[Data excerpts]
BEGIN

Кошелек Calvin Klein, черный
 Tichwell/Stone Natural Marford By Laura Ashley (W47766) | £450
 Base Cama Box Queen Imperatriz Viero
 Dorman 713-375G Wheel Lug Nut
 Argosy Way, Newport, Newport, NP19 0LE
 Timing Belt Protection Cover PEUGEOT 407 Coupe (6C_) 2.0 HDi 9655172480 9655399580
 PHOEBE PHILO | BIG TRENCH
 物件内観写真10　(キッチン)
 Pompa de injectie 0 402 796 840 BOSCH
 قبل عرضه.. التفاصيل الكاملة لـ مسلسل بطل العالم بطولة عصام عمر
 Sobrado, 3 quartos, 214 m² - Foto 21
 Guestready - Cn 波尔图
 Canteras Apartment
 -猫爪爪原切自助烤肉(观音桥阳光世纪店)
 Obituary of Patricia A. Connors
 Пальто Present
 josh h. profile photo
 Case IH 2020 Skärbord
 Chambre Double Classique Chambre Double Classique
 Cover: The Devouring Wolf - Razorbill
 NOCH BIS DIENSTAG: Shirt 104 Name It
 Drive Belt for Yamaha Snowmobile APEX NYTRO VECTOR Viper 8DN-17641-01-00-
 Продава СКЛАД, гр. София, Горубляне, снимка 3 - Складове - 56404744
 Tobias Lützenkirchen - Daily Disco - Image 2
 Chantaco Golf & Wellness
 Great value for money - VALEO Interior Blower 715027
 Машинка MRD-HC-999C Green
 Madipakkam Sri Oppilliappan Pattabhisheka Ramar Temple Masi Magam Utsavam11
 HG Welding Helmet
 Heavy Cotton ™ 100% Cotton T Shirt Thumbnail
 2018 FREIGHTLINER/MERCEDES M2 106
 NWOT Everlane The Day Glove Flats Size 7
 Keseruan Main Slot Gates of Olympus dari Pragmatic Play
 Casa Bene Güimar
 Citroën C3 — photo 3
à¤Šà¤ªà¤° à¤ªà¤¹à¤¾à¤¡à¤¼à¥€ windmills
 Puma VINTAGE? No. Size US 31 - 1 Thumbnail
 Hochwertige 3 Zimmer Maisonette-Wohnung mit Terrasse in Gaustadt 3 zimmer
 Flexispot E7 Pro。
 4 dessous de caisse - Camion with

END

__THE TASK__
Apply a filter for "Size" to the entries and show each line that passes.

__FINAL ANSWER__
 NWOT Everlane The Day Glove Flats Size 7
 Puma VINTAGE? No. Size US 31 - 1 Thumbnail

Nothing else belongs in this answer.